Ever since I was in high school I was the one on my cross country and track teams making locker signs and writing encouraging notes. My personality shone through the ways I would serve my team. I was quiet - still am, but loved to braid hair, loved to cheer teammates, loved to make locker signs, loved to make good-luck gifts. I made a scrapbook for my sister at her graduation. During college I would make cards and write notes to my sibs. During my dating years I would draw cards, write out Bible verses, and make good luck notes for Joe. Since kids that part of my life has pretty much died away, but it used to bring me joy. I also remember how much I enjoyed encouraging others when I was a high school math teacher. Kids would get down about math or about life and I really enjoyed talking with them to help them look at the brighter side, helping them to have hope.
So I thought maybe now in life's current circumstances I should rekindle some of those things in order to see more positives. So I did something about it... I found an encouraging blog post about NICU moms and posted it in the mother's pumping room. I helped Joshua make a scrapbook wall hanging for a friend in the NICU. I made a blanket for the same friend in the NICU. I've initiated conversations with a couple more moms and gotten out of my comfort zone in order to help them look at the brighter side. And in all of it, I'm seeing a little brighter side too. It certainly helps that Joshua is improving. And there are still many days when I am still struggling with life, but digging up this passion of mine to encourage and love others in verbal and tangible ways is finally helping me cope with all that is going on.
Another thing that has helped me cope is a kind woman I've met...There is a wonderful clerk at the desk when I walk into the first NICU unit. She is a Christian and a true light. You can just see Jesus shining in her eyes. She often comments about my smile or the light she sees in my eyes. Sometimes I think she is crazy when she tells me that I'm shining a light here in this dark place. I don't feel like I'm shining Jesus in this time when I'm trudging through life day to day. But I'm trying to see that God can use me here, in this awful place to be a light to the people that I meet. Even with my quiet, boring personality, somehow this clerk sees a light in me. She encourages me with scripture, she encourages me when I tell her about Joshua's progress, she asks about my other kids, and homeschooling, and Joe. Working in this setting she knows how hard it is for babies to make real progress..."Inch by inch is a cinch, yard by yard is too hard." is what she likes to tell me. She has been through quite a lot of things in her life and knows how hard it is when you struggle to put your hands together to pray. She says she is helping me "exercise my arms" to lift them up to the heavens, to thank and praise the Creator for my little miracle. I pray that someday I can have that light and hope I see in her eyes too, shining for Jesus. Thank you Lord for Donna!

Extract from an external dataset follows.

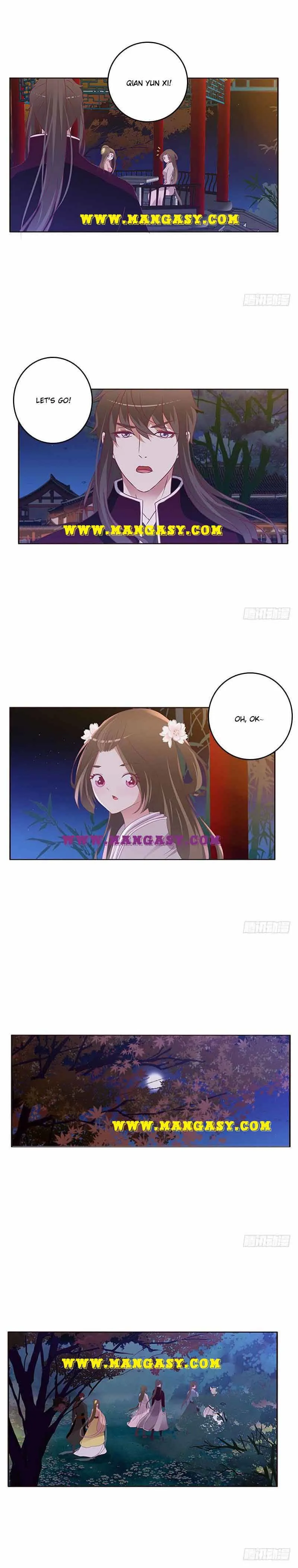 Psychic Princess Chapter 293 Online - página 2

Right now I will try to keep encouraging other moms that I have met and try to initiate friendly conversations with the other doctors, clerks, environmental services staff, and nurses. And I pray that God uses me as a light for as long as we are here at Children's and gives me the courage to do so...and gives me grace when I feel so overwhelmed with life that I don't have the strength to step out of my problems and smile.